### Raw data:
::::
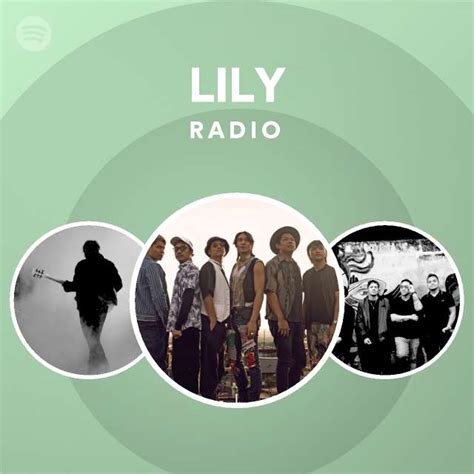 Lily Radio Playlist By Spotify Spotify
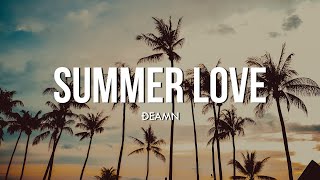 DEAMN  Summer Love Lyrics [upl. by Yarw181]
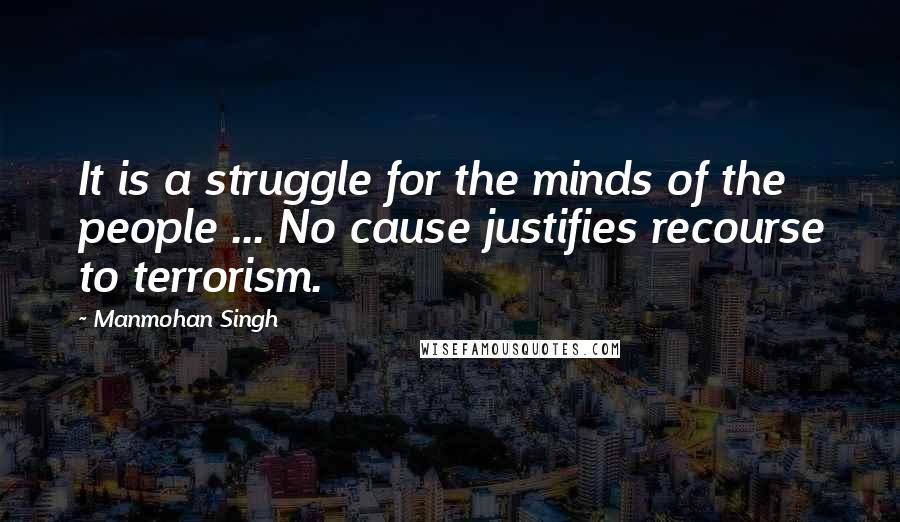 Manmohan Singh Quotes: It is a struggle for the minds of the people ... No cause justifies recourse to terrorism.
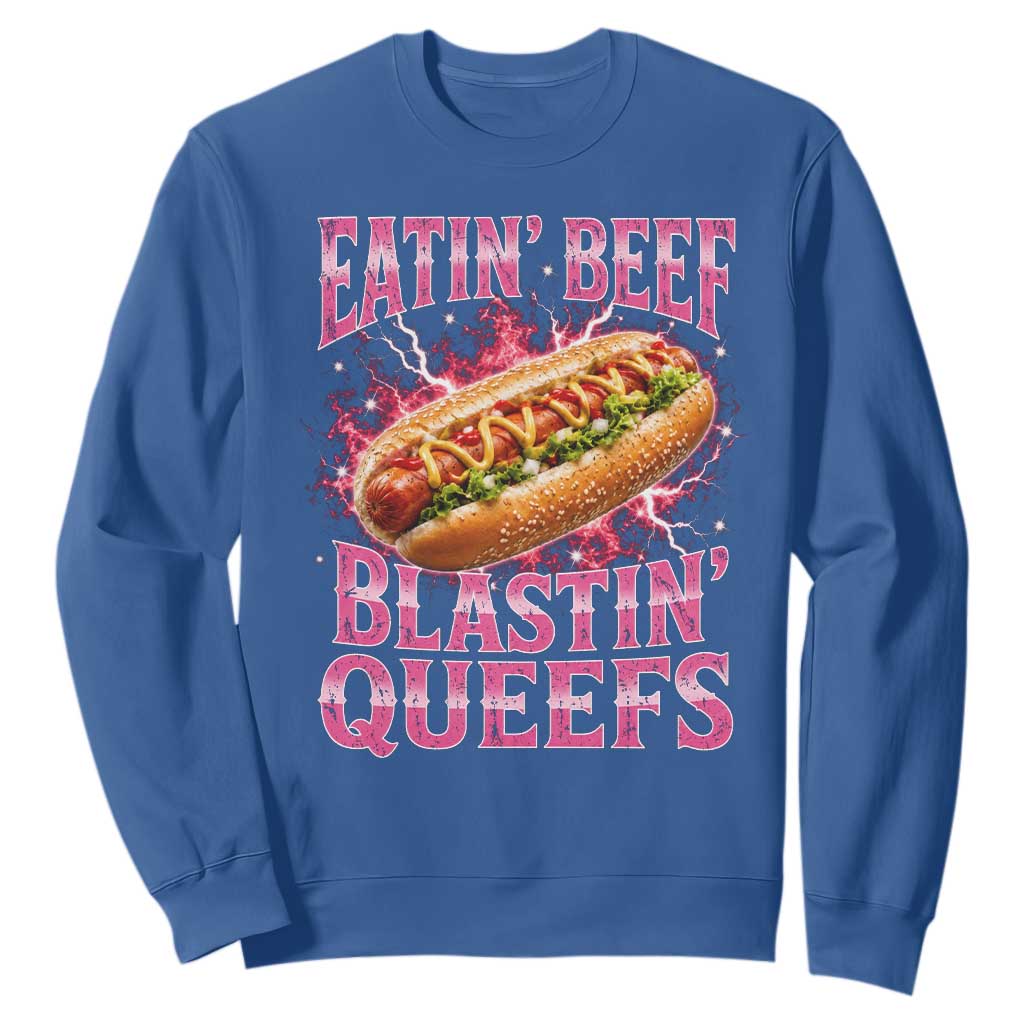 Eatin Beef Blastin' Queefs Funny Embarrassing Hot Dog Retro Bootleg Sweatshirt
::::
### Task requirements:
This task calls for restating, word for word, each line from the line holding "[upl. by Yarw181]" through the end of the material, pictures left out.

### Answer for the task:
 DEAMN  Summer Love Lyrics [upl. by Yarw181]
 Manmohan Singh Quotes: It is a struggle for the minds of the people ... No cause justifies recourse to terrorism.
 Eatin Beef Blastin' Queefs Funny Embarrassing Hot Dog Retro Bootleg Sweatshirt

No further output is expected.